#### [Dataset content]
========================================

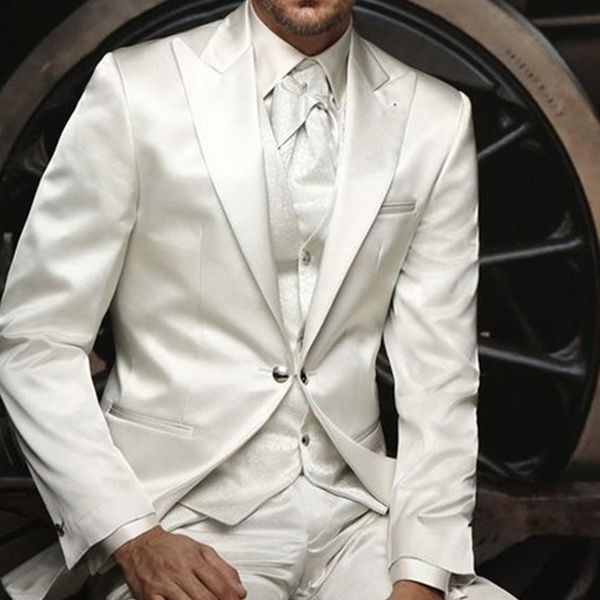 white business evening men suits for wedding wear three piece peaked lapel one button groomsmen groom tuxedos jacket pants vest, Black;gray
white business evening men suits for wedding wear three piece peaked lapel one button groomsmen groom tuxedos jacket pants vest, Black;gray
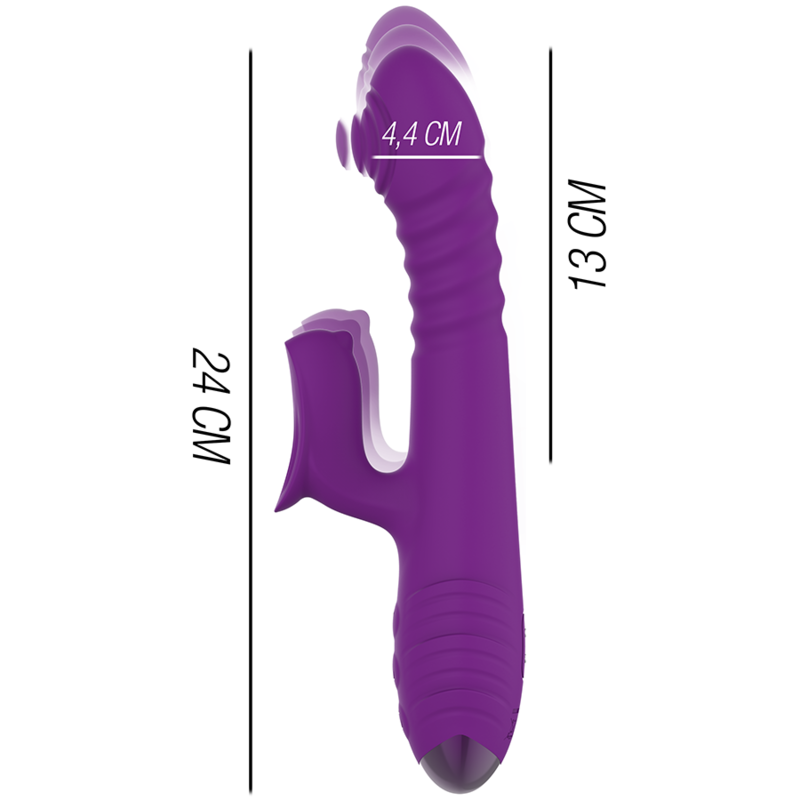 INTENSE - IGGY UP & DOWN RECHARGEABLE MULTIFUNCTION VIBRATOR WITH CLITORAL STIMULATOR VIOLET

========================================

#### [Assignment]
Give an exact copy of the listing, without its pictures.

#### [Task result]
 white business evening men suits for wedding wear three piece peaked lapel one button groomsmen groom tuxedos jacket pants vest, Black;gray
white business evening men suits for wedding wear three piece peaked lapel one button groomsmen groom tuxedos jacket pants vest, Black;gray
 INTENSE - IGGY UP & DOWN RECHARGEABLE MULTIFUNCTION VIBRATOR WITH CLITORAL STIMULATOR VIOLET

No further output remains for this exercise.